This article presents a thorough discussion on how to perform Exploratory Data Analysis (EDA) to extract meaningful insights from a data set. And to do this I am going to use Python programming language and its four very popular libraries for data handling.
EDA is considered a basic and one of the most important steps in data science. It helps us planning advance data analytics by revealing the nature of feature and target variables and their interrelationships.
Every advanced application of data science like machine learning, deep learning or artificial intelligence requires a thorough knowledge of the variables you have in your data. Without a good exploratory data analysis, you can not have that sufficient information about the variables.
In this article, we will discuss four very popular and useful libraries of Python namely Pandas, NumPy, Matplotlib and Seaborn. The first two are to handle arrays and matrices whereas the last two are for creating beautiful plots.
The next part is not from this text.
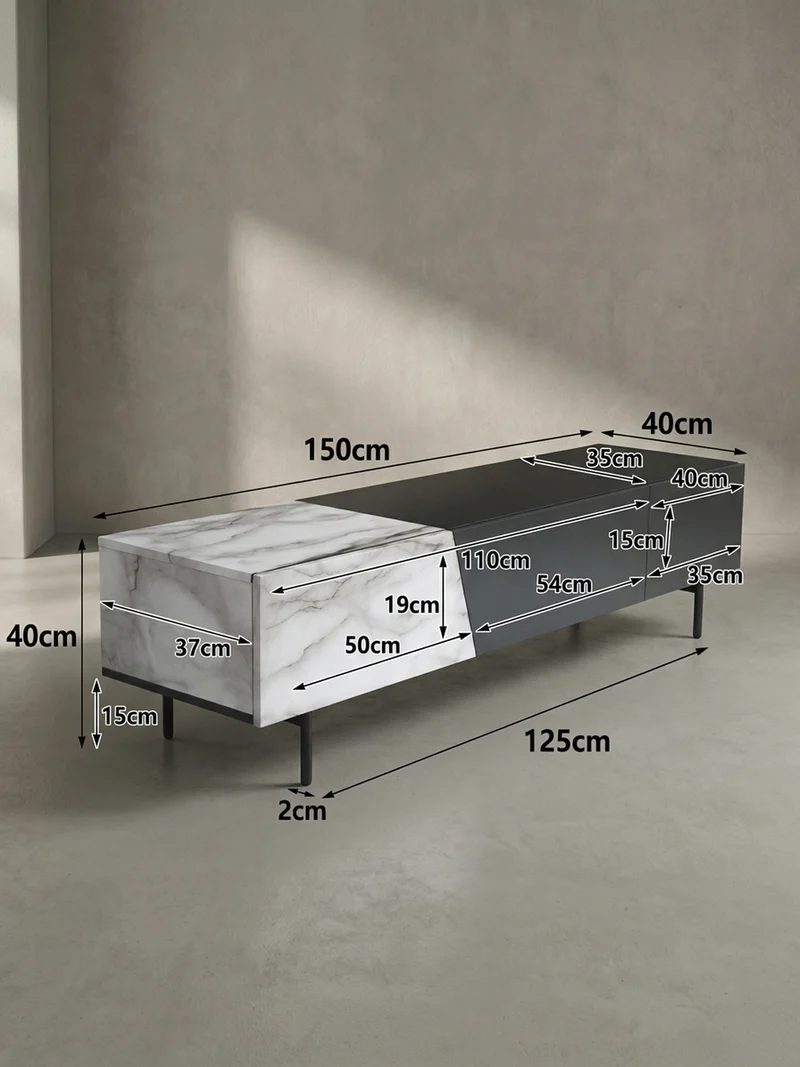 TV-Lowboard mit Marmor/Eiche-Dekor, Türen und Schublade, modern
I have created this exploratory data analysis code file in Jupyter notebook with a common data file name and use it anytime a new data set is to be analyzed. The variable names just need to be changed. It saves my considerable time and I am thorough with all the variables with a good enough idea for further data science tasks.
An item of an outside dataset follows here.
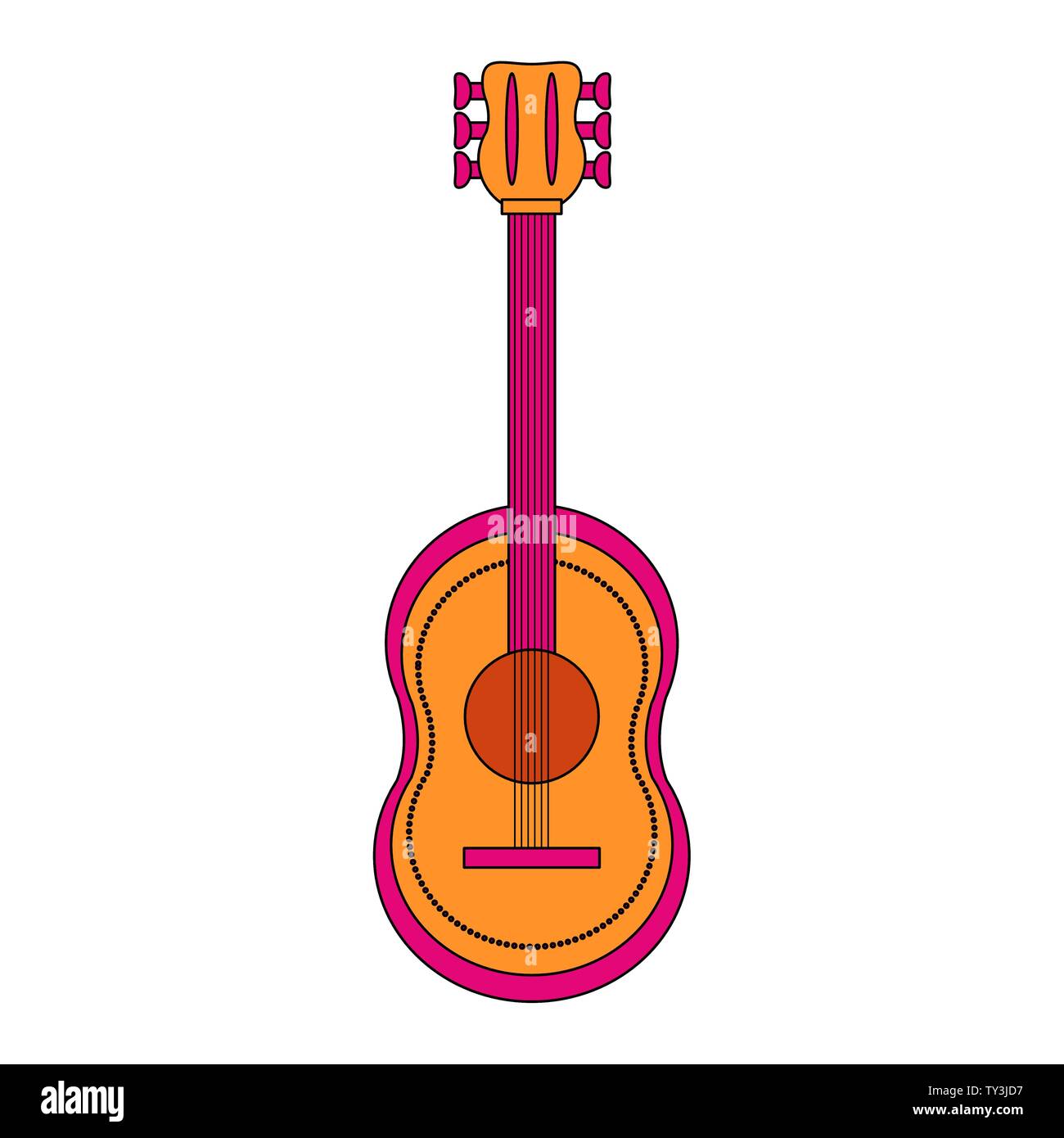 Chitarra acustica musin icona dello strumento isolato Illustrazione Vettoriale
NB: Being a non-native English speaker, I always take extra care to proofread my articles with Grammarly. It is the best grammar and spellchecker available online. Read here my review of using Grammarly for more than two years.
Data structures for exploratory data analysis
Pandas and NumPy provide us with data structures for data handling. Pandas has two main data structures called series and data frame as data container. Series contains data of mixed type in one-dimensional array whereas data frame is a two-dimensional array having columns with the same kind of data so, it can be considered as a dictionary of series.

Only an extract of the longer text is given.